Le président Nelson Mandela d’Afrique du Sud, portant le manteau du symbole de la lutte contre l’apartheid, n’est pas informé ou est forcé de jouer le jeu comme l’appelle le conglomérat anglo-américain du Conseil privé qui possède la majeure partie de son pays. Dans un discours prononcé le 28 mai après avoir rencontré le président ougandais Museveni à Johannesburg, Mandela, qui s’est plaint de la méfiance des États-Unis à l’égard de Kabila, a déclaré : « Vous devez juger ce que fait le président Kabila par rapport aux conditions spécifiques qui existent là-bas. Il serait suicidaire pour lui de permettre le fonctionnement des partis avant d’avoir une prise ferme sur le gouvernement du pays. Je pense qu’on peut lui faire confiance, sur la base de son dossier, pour tenir parole”. Mandela a décerné à Museveni la plus haute distinction de l’Afrique du Sud, la Grand-Croix de l’Ordre de la Bonne Espérance, lors de la visite de deux jours de l’Ougandais.

L’ancien président tanzanien Julius Nyerere : “S’il vous plaît, donnez à M. Kabila une chance de s’organiser”, a-t-il déclaré à l’Académie internationale de la paix à New York. Dans le même discours, il a défendu les actions du gouvernement tutsi rwandais, affirmant que les réfugiés étaient armés, laissant ainsi entendre que l’armée rwandaise était justifiée dans son massacre de civils. Malgré les pressions exercées par diverses entités privées et, semble-t-il, par l’ambassadeur américain Daniel Simpson lui-même, pour que Kabila reçoive carte blanche, il ne semble pas que la présidence Clinton soit d’accord.

L’ambassadeur des États-Unis auprès des Nations Unies, Bill Richardson, doit retourner au Congo, a annoncé la secrétaire d’État Madeleine Albright depuis Paris le 26 mai.
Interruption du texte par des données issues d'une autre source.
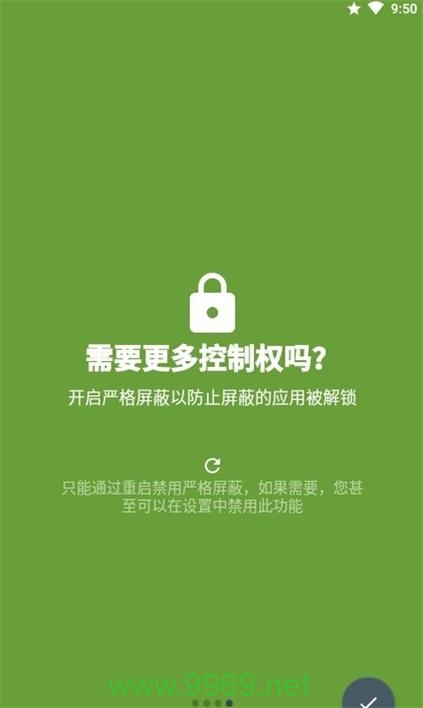 如何有效管理关键字告警屏蔽功能？插图2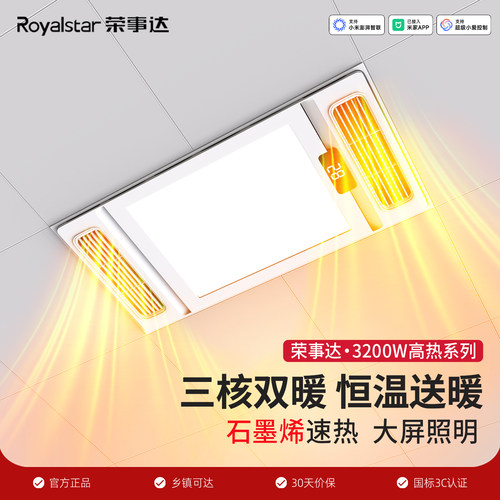 荣事达风暖浴霸照明排气一体机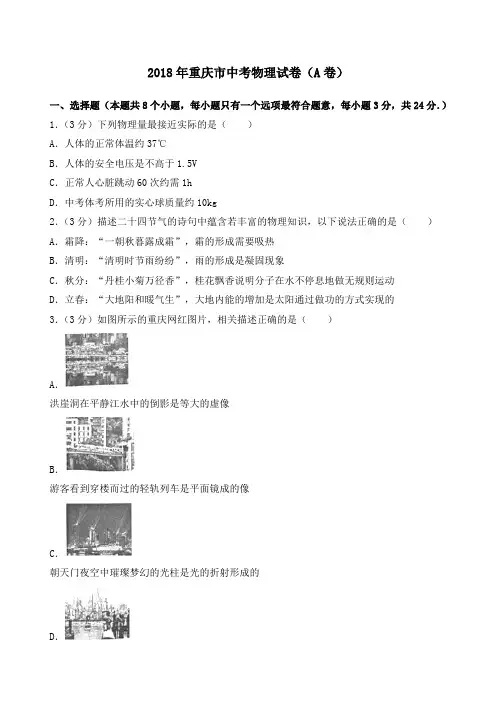 重庆市中考物理试卷a卷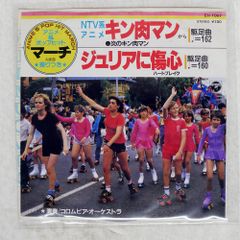 加藤登紀子アルバム８セット／直筆サインあり（LPレコード） LP 加藤登紀子のフリマアイテム一覧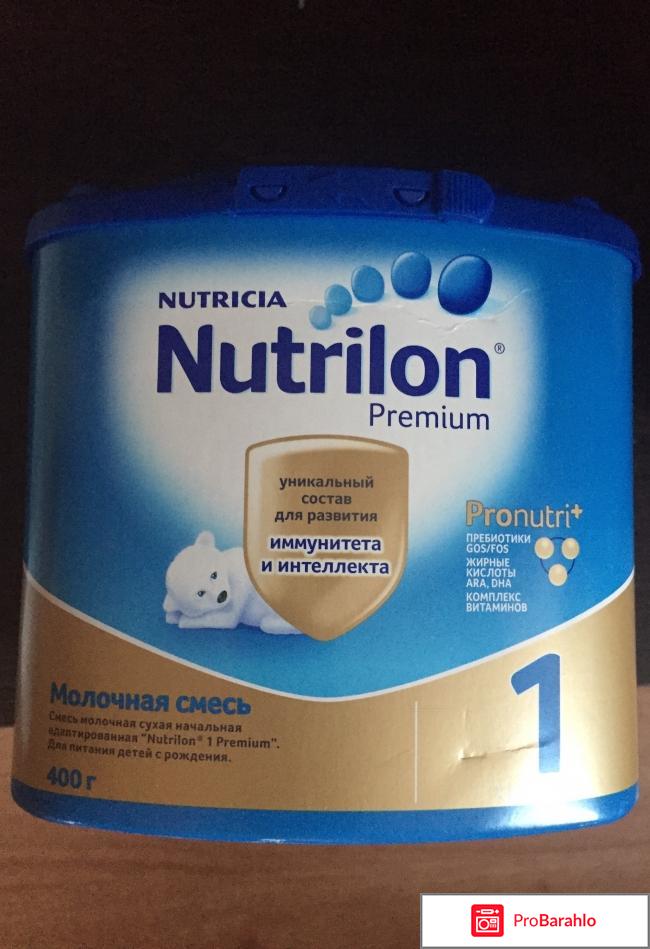 Отзыв о молочной смеси Nutrilon Premium 1 отрицательные отзывы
Sur ordre du président Clinton, Richardson s’était rendu au Zaïre fin avril, dans le cadre d’une mission visant à la prise de Kinshasa n’entraînerait pas un bain de sang général, et de faire pression sur Kabila pour obtenir le soutien des États-Unis. Le voyage de Richardson a également commencé à faire connaître aux médias américains le sort des centaines de milliers de personnes tuées ou affamées sous la surveillance de Kabila dans l’est du Zaïre depuis octobre 1996.

Mais le bilan de Kabila en matière de respect des exigences américaines est aussi médiocre que son bilan en matière de droits humains. Il danse sur l’air d’un autre maître, Londres. Il faudra se confronter à cette réalité pour traduire en justice les responsables du massacre de l’est du Zaïre.